Findings in First Grade
Findings at the end of first grade indicated improved social adaptation at multiple levels in schools in which the PATHS® curriculum was utilized. Relative to classrooms in the control schools, children in classrooms that received the universal intervention showed lower mean levels of peer-nominated aggression and hyperactivity and higher numbers of peer-nominated prosocial students. Furthermore, classrooms that received the universal intervention were rated as having more positive classroom atmospheres based on ratings of independent observers, and teachers rated their students as lower in disruptive behavior (Conduct Problems Prevention Research Group, 1999).
PATHS® Universal Intervention
End of First Grade (1 Year of Intervention)
Children who received the PATHS® Curriculum rated their classmates as significantly less aggressive than did children in randomized comparison classes. (Conduct Disorders Prevention Research Group, 1999)
Independent observers rated PATHS® classrooms as having a significantly more positive classroom atmosphere. (Conduct Disorders Prevention Research Group, 1999)
Findings In Third Grade (CPPRG , 2010)
A second study with the Fast Track schools studied 2937 children of multiple ethnicities who remained in the same intervention or control schools for grades 1, 2, and 3. The study involved a clustered randomized trial involving sets of schools randomized within three U.S. locations.

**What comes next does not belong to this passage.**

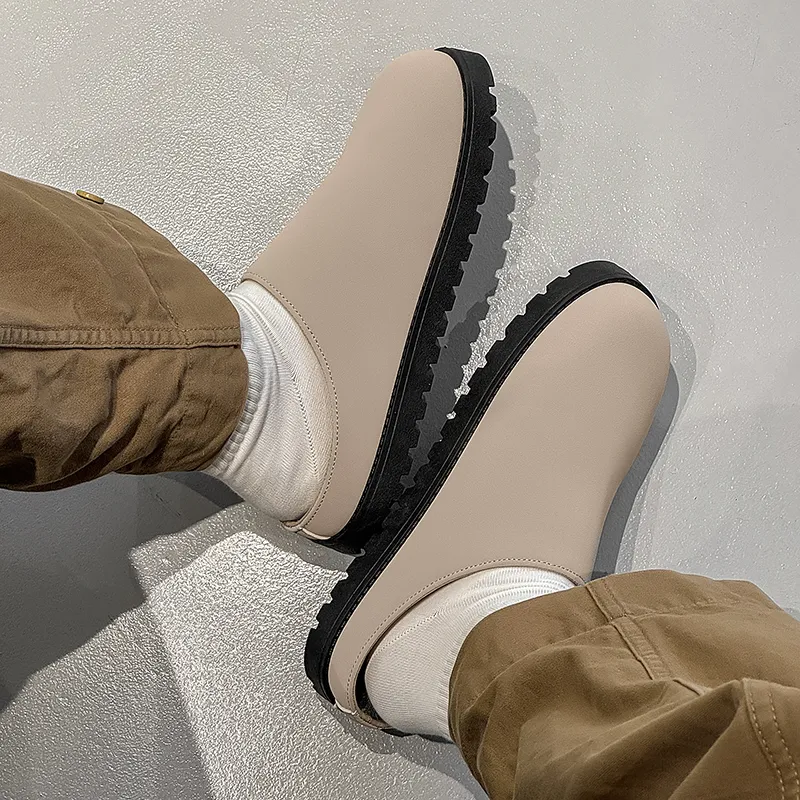 Medd Closed Toe Slippers Men-9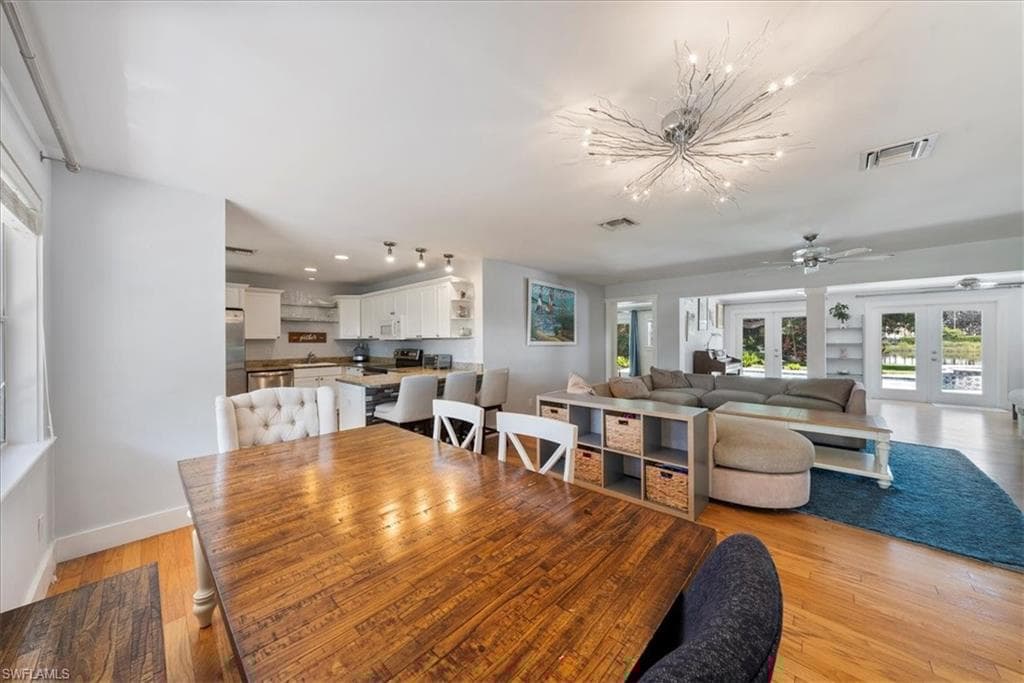 1171 14th Ave N, Naples, FL 34102-3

The results at the end of third grade provide evidence of PATHS® effectiveness for both promoting social competence and reducing aggressive behavior problems. Teachers rated students in PATHS® schools as having lower rates of disruptive behavior problems and higher rates of academic engagement and social competence. Children who exhibited the highest rates of baseline aggression (by teacher report) before intervention and received the intervention showed the largest reductions in aggression by the end of third grades. Peer ratings indicated that boys in PATHS® schools had lower rates of peer-rated aggressive and hyperactive-disruptive behavior. These findings reflect consistent, but modest effects of the universal-level prevention activities on behavior, for children who remain in the same school for three years of sustained exposure. Notably, along with effects on social behavior, these findings demonstrate improved classroom behavior and teacher perceptions of more effective academic engagement, including increased self-control and on-task behavior.
This is the largest study of its kind indicating the efficacy of school-based, universal interventions during the elementary school years for both the promotion of competence).